Why street art? Simply put by Nelson: “It’s always colorful.” Period. Murals could have been done, “but that’s been done,” Nelson says. Throughout Valley towns, it seems that one practically can’t have a downtown without murals. But the Valley is more than the agriculture or national parks often depicted in these murals: It’s its people.
Urban Artworks is a combined effort by Arts Visalia, Downtown Visalians and the Urbanists Collective. After a call for submissions, five were selected. The finished pieces can now be seen in the parking lots between Center and Main streets for a minimum of three years. Aside from the immediate benefit of having fantastic, colorful artwork in lieu of the drab facades, Nelson described more long-term benefits, including less litter around the enclosures and evidence that putting art on objects decreases the chance of graffiti and defacing. “So far, that’s held true,” he says.
One may argue that street art is graffiti and defacing property, but feedback the project received thus far would not support this. Pictures of the projects were on display at the California State Capitol and the Visalia Convention Center, getting state recognition and even national attention. “It’s kinda evolved, kinda on its legs now,” Nelson says. Indeed, artists from outside the area are now interested in submitting works.

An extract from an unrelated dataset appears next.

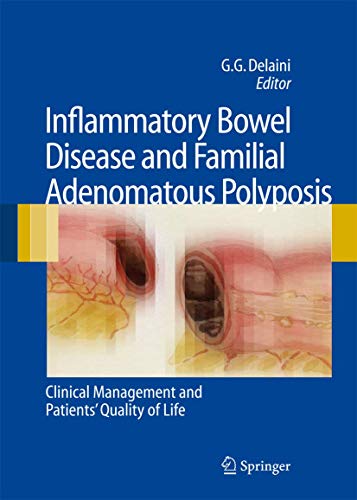 Stock image for Inflammatory Bowel Disease and Familial Adenomatous Polyposis: Clinical Management and Patients' Quality of Life for sale by Book Bear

The project itself is looking to expand to include more trash enclosures and electrical boxes with the goal of being able to include all the works in a downtown Art Walk. “If we can get that kind of vibe going,” notes Nelson, “it benefits the city and it benefits the downtown area.” Already several projects are in the process of getting approvals to begin, with the hopes of 14 electrical boxes and trash enclosures being used as media for urban artists.
And so we return to the question, “What is art?” There may be detractors who say whatever art may be, it is not “urban.” But a counter question may be, “Given the option of looking at a cinder block wall or at a meticulously painted scene, which is preferred?” Do we not paint our walls? Our buildings? Our homes? And so the answer must be that the Urban Artworks project is indeed art, where the mundane becomes beautiful.
Visit the works between Main and Center streets and from N. Locust to N. Church streets.